* [Directions] Here are records with pictures in them. Copy all of them exactly and leave the pictures out.

(Web page caption snippets)

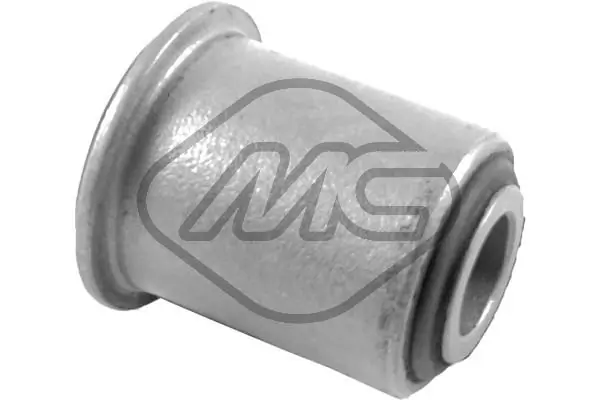 Bushing, axle beam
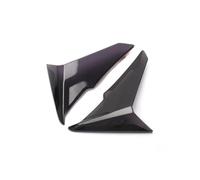 UYJHFPLND Motorcycle Tank Side Panel FOR H&ond&a ADV350 ADV 350 2022-2025 Motorcycle Right Left Side Fairing Side Cover Wing Deflector Windshield Screen Accessories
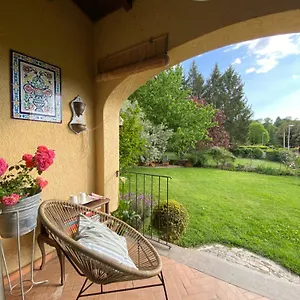 Il Giardino Segreto Rocca Di Papa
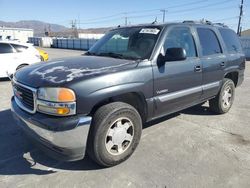 Vehiculos salvage en venta de Copart Sun Valley, CA: 2005 GMC Yukon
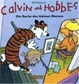 Cover of Calvin & Hobbes 05. Die Rache des kleinen Mannes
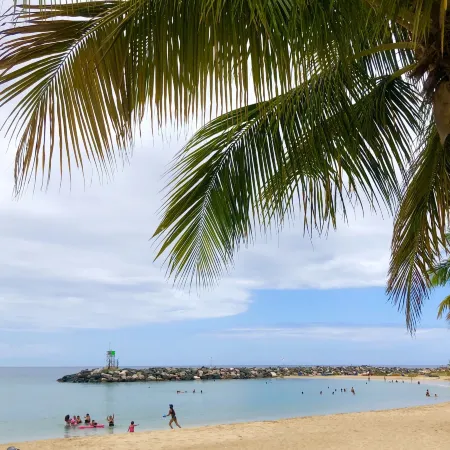 Casa Verde Hotel - Steps to the Beach, Pool, Restaurant & Bar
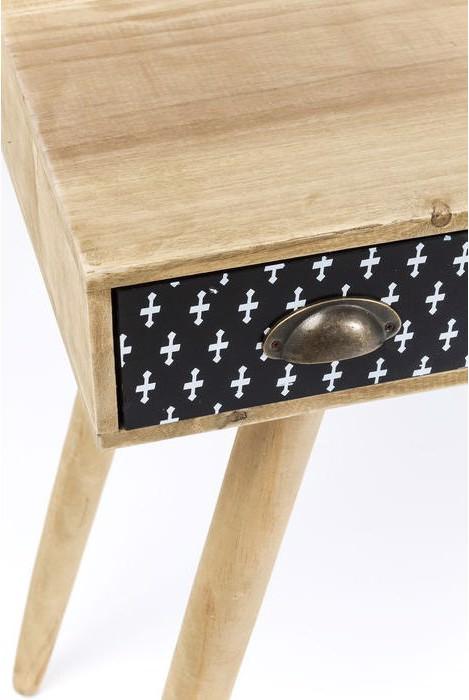 Produktbild Kare Design Schreibtisch Capri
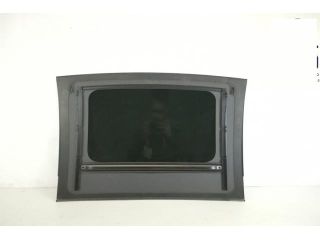 bontott JAGUAR XF Tetőablak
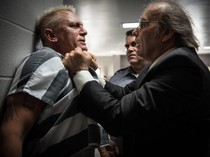 Sinopsis Logan Lucky: Kisah Jimmy Ingin Mengubah Nasib Lewat Perampokan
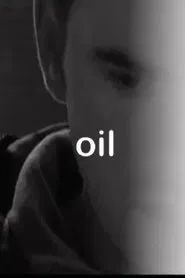 Oil movie poster
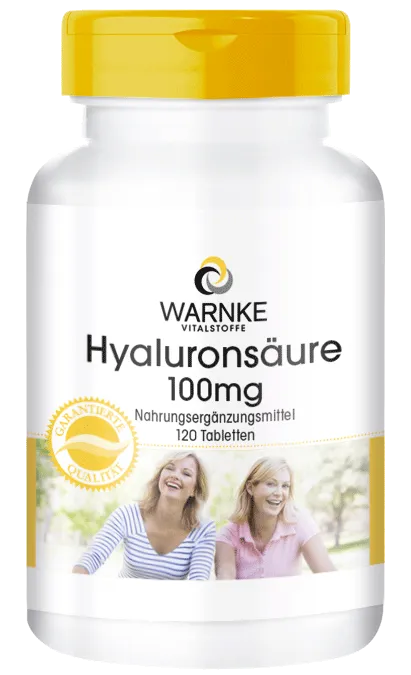 Àcido hialurónico 100mg Àcido hialurónico 100mg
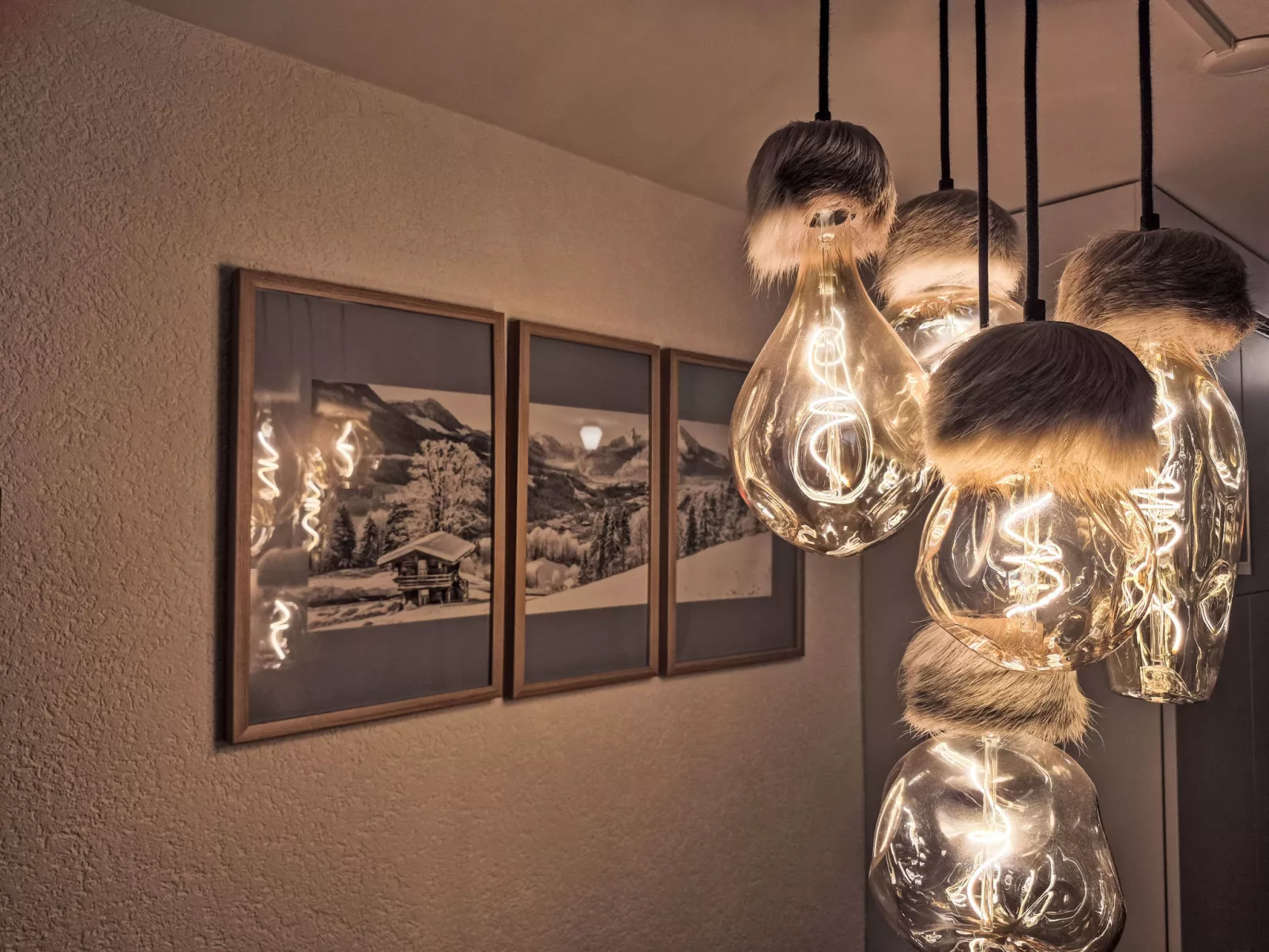 Haut de Nendaz BK4 - Dedans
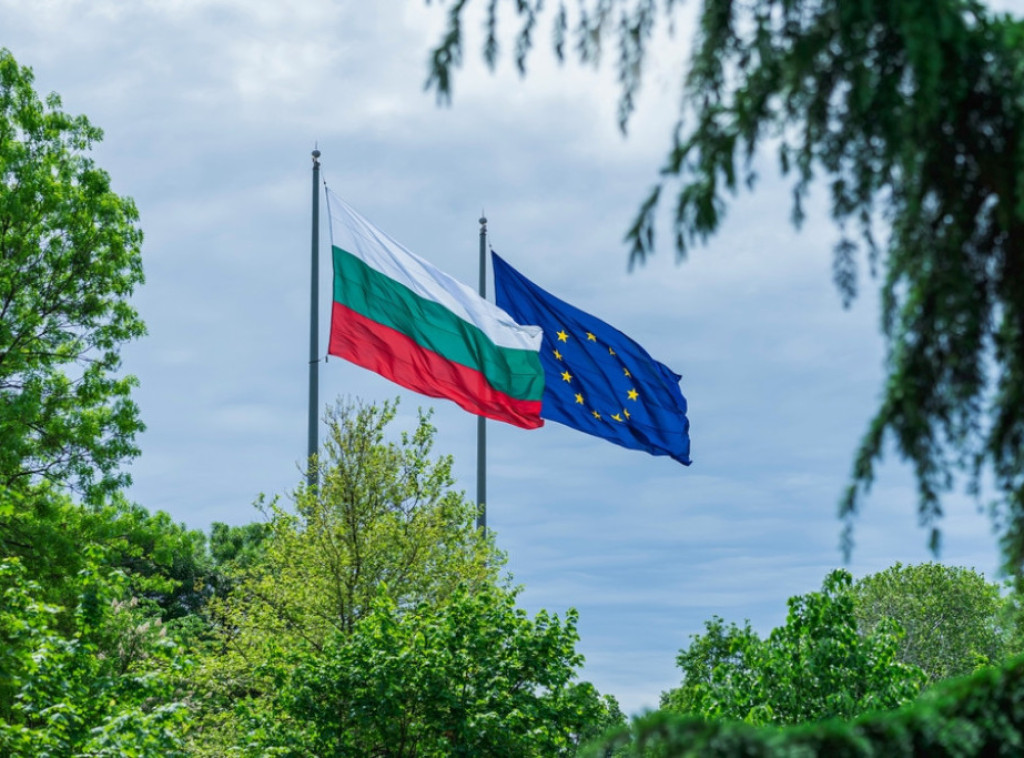 Evropska komisija: Bugarska ispunjava uslove da uđe u evrozonu od 1. januara 2026.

* [Response for this exercise]
 Bushing, axle beam
 UYJHFPLND Motorcycle Tank Side Panel FOR H&ond&a ADV350 ADV 350 2022-2025 Motorcycle Right Left Side Fairing Side Cover Wing Deflector Windshield Screen Accessories
 Il Giardino Segreto Rocca Di Papa
 Vehiculos salvage en venta de Copart Sun Valley, CA: 2005 GMC Yukon
 Cover of Calvin & Hobbes 05. Die Rache des kleinen Mannes
 Casa Verde Hotel - Steps to the Beach, Pool, Restaurant & Bar
 Produktbild Kare Design Schreibtisch Capri
 bontott JAGUAR XF Tetőablak
 Sinopsis Logan Lucky: Kisah Jimmy Ingin Mengubah Nasib Lewat Perampokan
 Oil movie poster
 Àcido hialurónico 100mg Àcido hialurónico 100mg
 Haut de Nendaz BK4 - Dedans
 Evropska komisija: Bugarska ispunjava uslove da uđe u evrozonu od 1. januara 2026.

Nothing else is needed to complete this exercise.